(Dataset extract begins)

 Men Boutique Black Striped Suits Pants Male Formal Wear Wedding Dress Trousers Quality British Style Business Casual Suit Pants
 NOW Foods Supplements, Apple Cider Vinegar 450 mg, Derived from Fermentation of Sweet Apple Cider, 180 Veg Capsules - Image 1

(Dataset extract ends)
(Dataset extract begins)

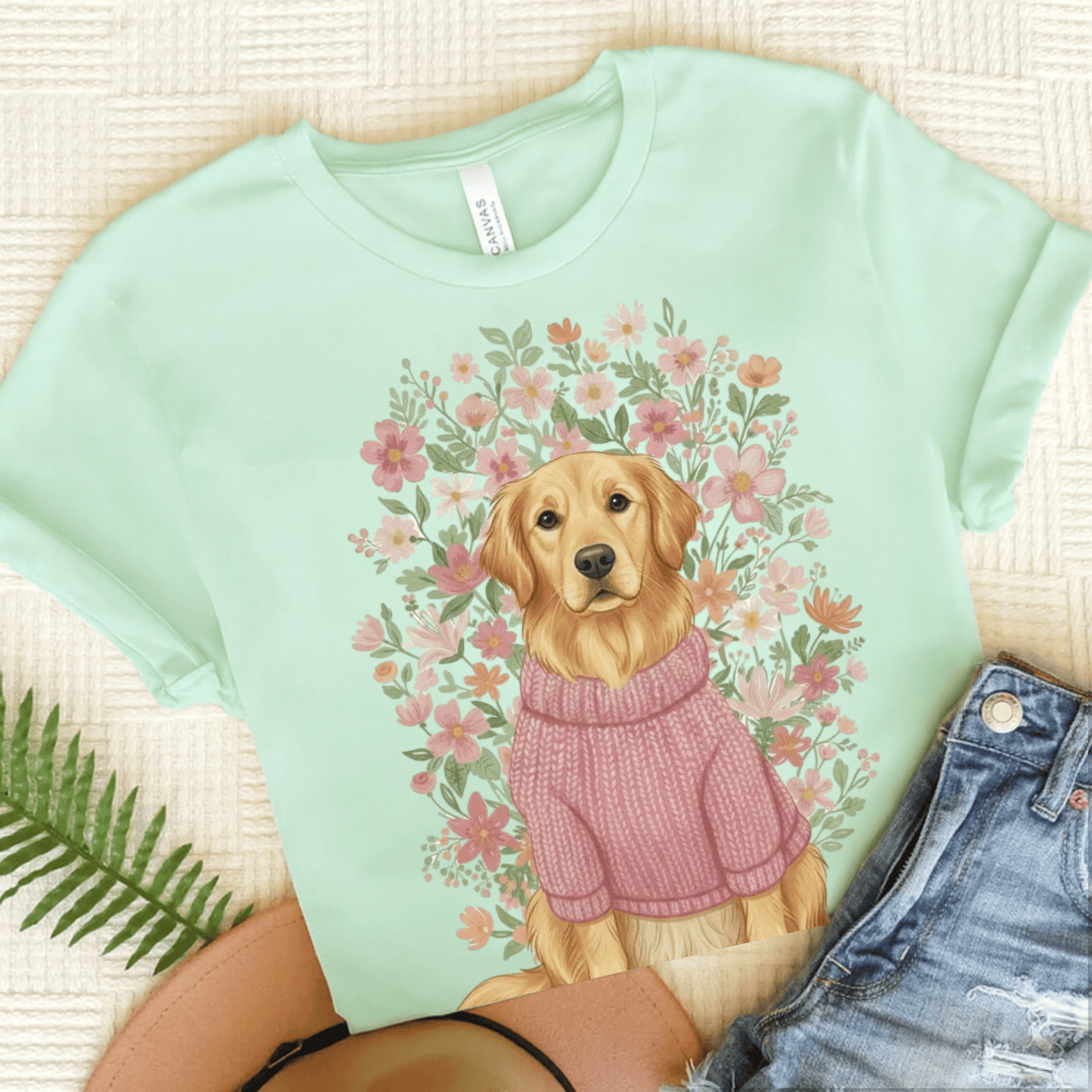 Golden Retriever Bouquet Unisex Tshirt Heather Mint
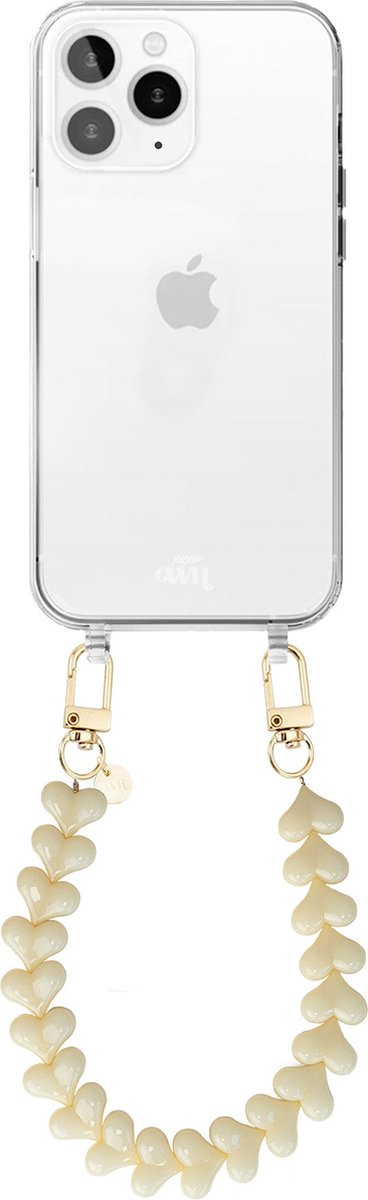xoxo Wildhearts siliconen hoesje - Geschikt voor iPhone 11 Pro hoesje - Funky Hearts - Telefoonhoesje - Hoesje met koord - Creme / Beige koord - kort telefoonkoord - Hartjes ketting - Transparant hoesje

(Dataset extract ends)

To do: Could you return exactly the lines above from the line with "Men Boutique Black" to the line with "NOW Foods Supplements, Apple", both included, and nothing else?

Reply to the task:
 Men Boutique Black Striped Suits Pants Male Formal Wear Wedding Dress Trousers Quality British Style Business Casual Suit Pants
 NOW Foods Supplements, Apple Cider Vinegar 450 mg, Derived from Fermentation of Sweet Apple Cider, 180 Veg Capsules - Image 1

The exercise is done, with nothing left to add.